● **Exercise goal**
Whatever pictures appear, omit them, and repeat the data below exactly.

● **Given material**
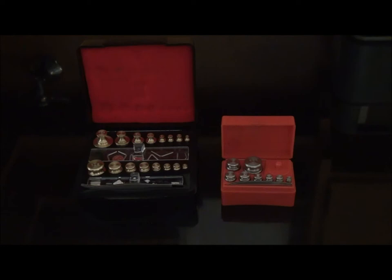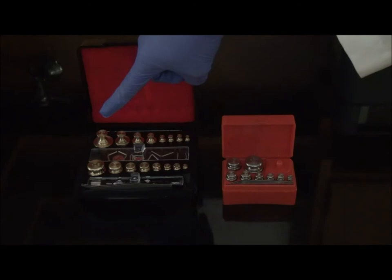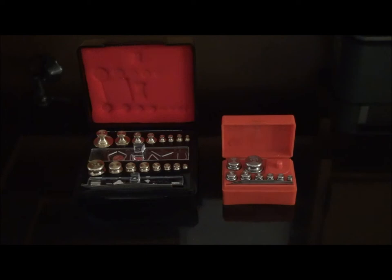Metric and apothecary weights are packaged as a set in a sturdy compartmentalized box. Newer sets consist only of metric weights, as there is a decreased need for apothecary weights in modern practice. Metric weights are easier to use than apothecary weights, but it is best to become familiarized with both systems, so we will be providing an overview of both.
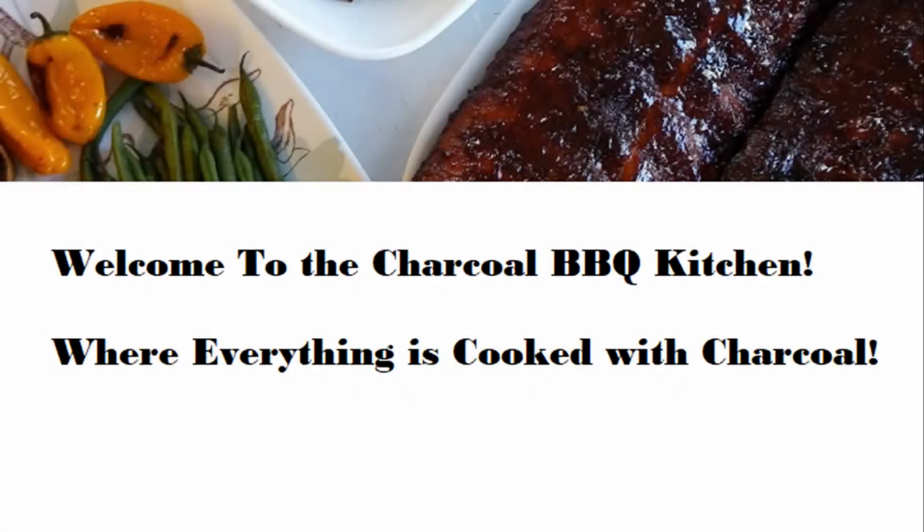Welcome to the charcoal barbecue kitchen where everything is cooked with charcoal. Today I'm going to be cooking up a flank steak.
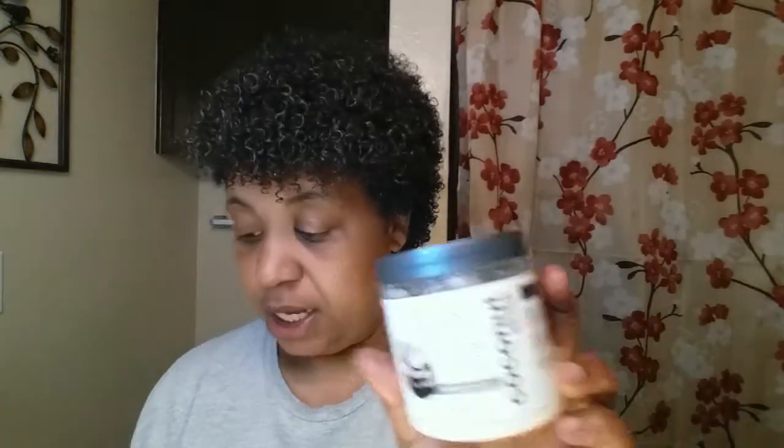Alright guys, I am back with another killer combo! This is my wash and go — my hair is about 80% dry and as you can see the curls are popping, the white is gone. The products I used were Eden Body Works cleansing co-wash, curl defining cream, leave-in conditioner, and melanin. So a combination of Eden Body Works and melanin can give you a killer combo for a wash and go.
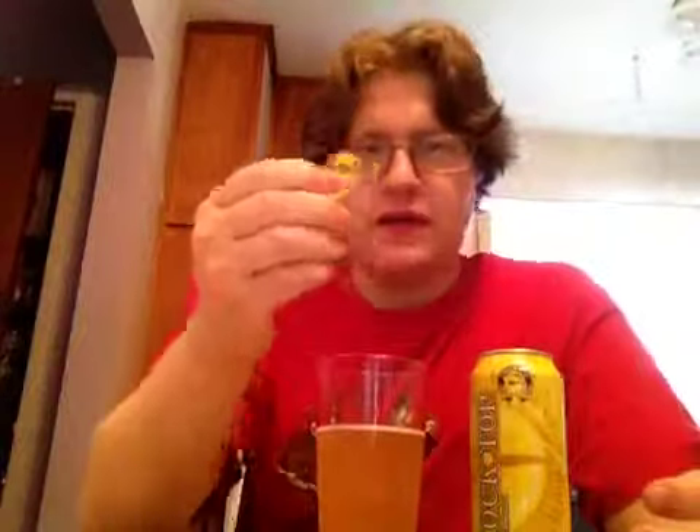It almost tastes like Mike's Hard Lemonade with a little bit of an adjunct-y finish. I'm going to keep the can — apparently if you get a thousand of them and bring them to Waldbaum's, you get a prize or something. They melt them down and there's some kind of chemical in there that can cure cancer or something. I read that in the paper once.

● **Task response**
Metric and apothecary weights are packaged as a set in a sturdy compartmentalized box. Newer sets consist only of metric weights, as there is a decreased need for apothecary weights in modern practice. Metric weights are easier to use than apothecary weights, but it is best to become familiarized with both systems, so we will be providing an overview of both.
Welcome to the charcoal barbecue kitchen where everything is cooked with charcoal. Today I'm going to be cooking up a flank steak.
Alright guys, I am back with another killer combo! This is my wash and go — my hair is about 80% dry and as you can see the curls are popping, the white is gone. The products I used were Eden Body Works cleansing co-wash, curl defining cream, leave-in conditioner, and melanin. So a combination of Eden Body Works and melanin can give you a killer combo for a wash and go.
It almost tastes like Mike's Hard Lemonade with a little bit of an adjunct-y finish. I'm going to keep the can — apparently if you get a thousand of them and bring them to Waldbaum's, you get a prize or something. They melt them down and there's some kind of chemical in there that can cure cancer or something. I read that in the paper once.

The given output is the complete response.